We train students and we publish the results
of our and their research. We cannot now compute easily how many students
completed their Part II projects or submitted for their D.Phil. (or, in early
days, M.Sc.) in each of the past fifty years, but we do know the number of
students working in the Laboratory for most of the years: there is a gap in the
records in the early 1970's.
The graph shows the number of supervisors of
research groups and the number of students (Part II and D.Phil.) at five-yearly
intervals from 1941 to 1991. Both have risen steadily except for a minor break
in the late 1970's. There are now 24 supervisors of research of whom 19 are
members of the permanent academic staff. There are 44 Part II students and 68
reading for D.Phil. There is no complete record of the number of post-doctoral
research fellows, but their number has risen roughly in line with the number of
students; there are 27 this year (1991).
The number of publications - books and
papers - has also risen from a negligible number during the war, when most of
the research was `classified' to a maximum of 139 in 1988. The graph shows them
also, as three-yearly averages to smooth out adventitious fluctuations and to
make them comparable with the financial figures.
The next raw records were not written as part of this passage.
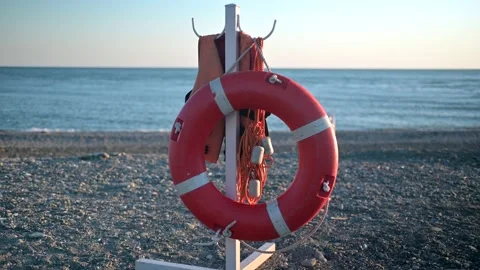 Red lifebuoy on an empty beach Stock Footage 194413192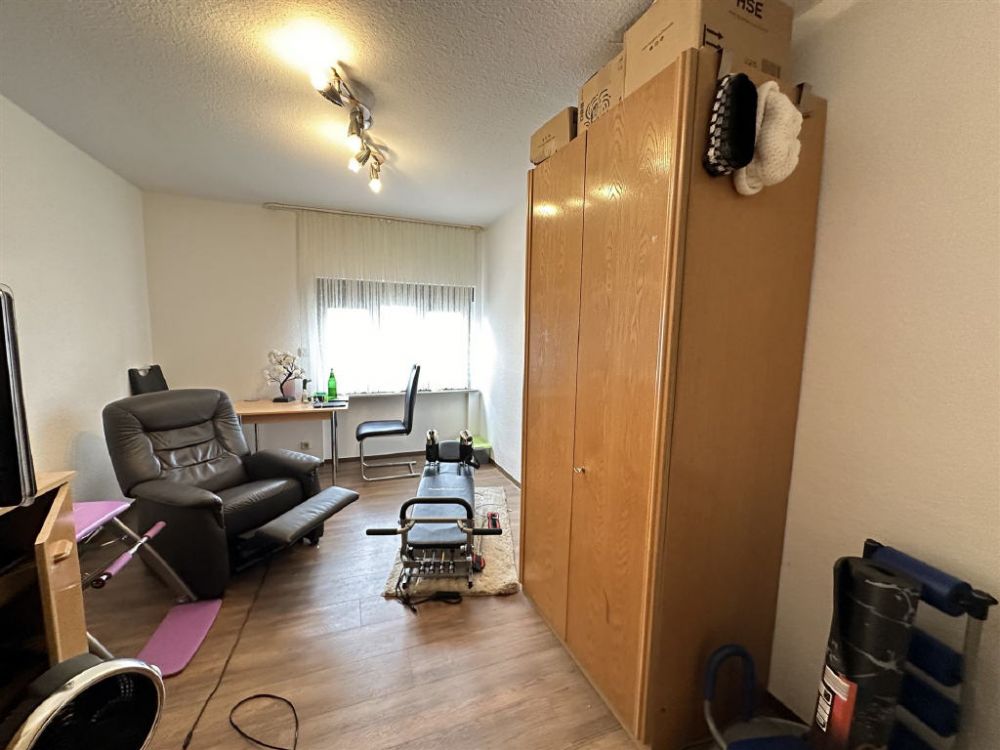 Wohn- und Geschäftshaus mit Ausbaupotenzial in zentraler Lage!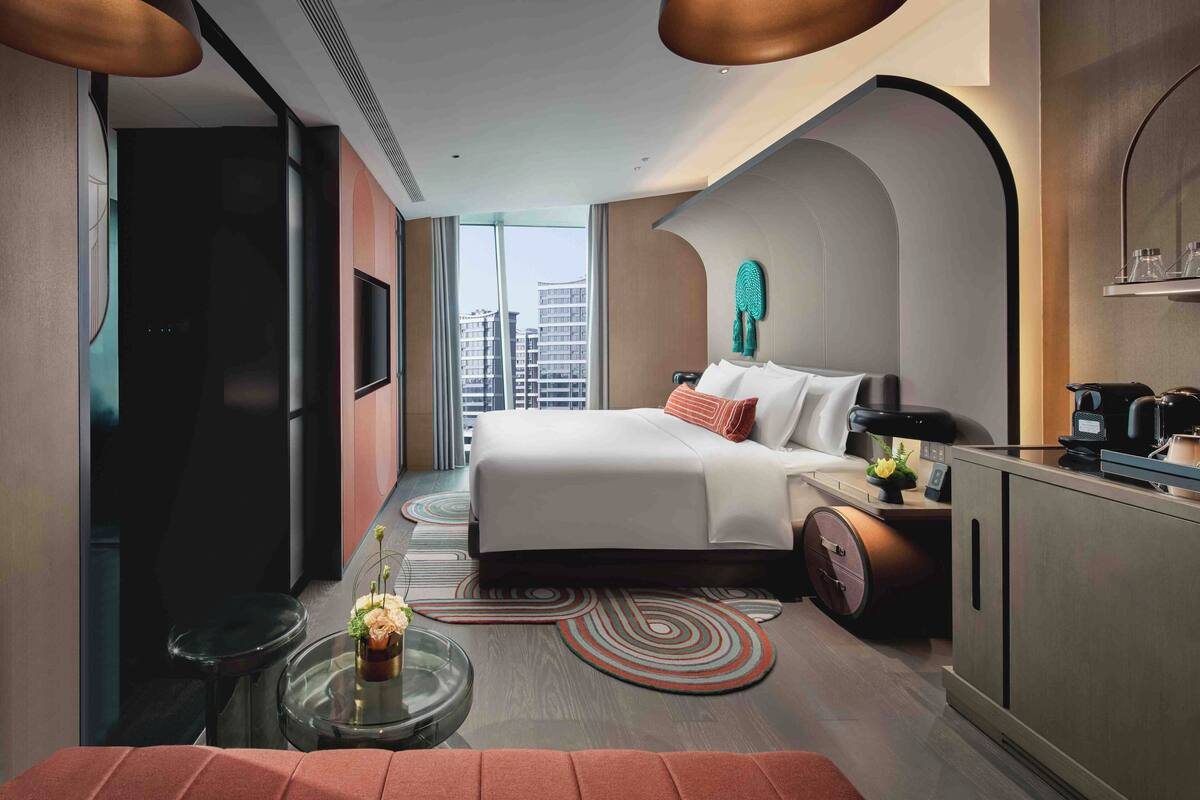 A modern hotel room with a large bed, a desk with a coffee machine, a glass table with a vase, and a view of the city.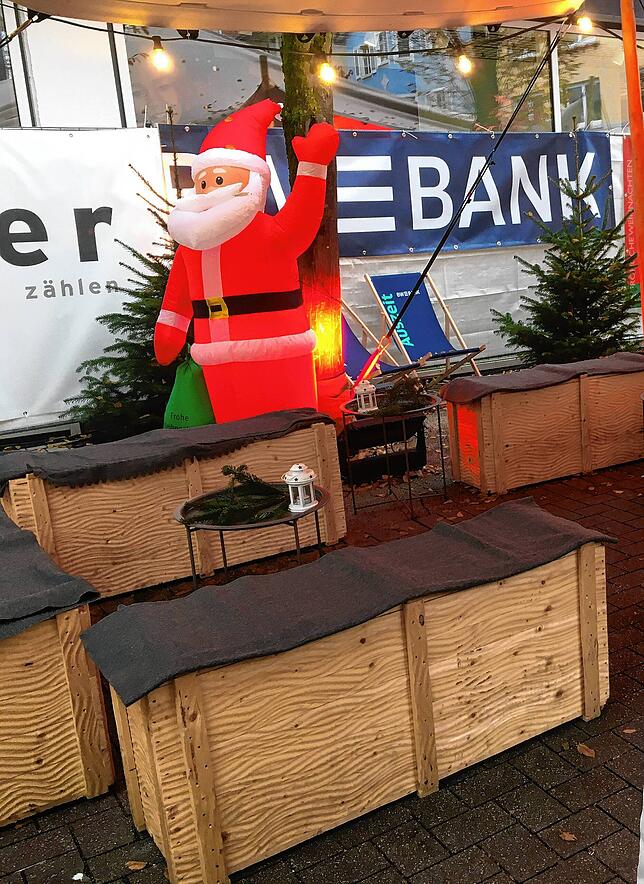 Das Zelt mit Beleuchtung, Sitzmöglichkeiten und einem Nikolaus im Hintergrund bietet auch bei Regen einen gemütlichen Platz.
Our `productivity' has
remained remarkably constant at about one publication a year per
student-and-supervisor (neglecting the post-doctoral fellows). If, however,
productivity is measured in publication per inflation-corrected pound then it
can be seen by comparing the two graphs that it has improved substantially
since 1974.
The figures from 1995 onwards include those
from the former Theoretical Chemistry Department. There are two Glasstone
Research Fellows and 43 other Research Assistants and Post-doctoral Fellows
working in the laboratory at present (2001).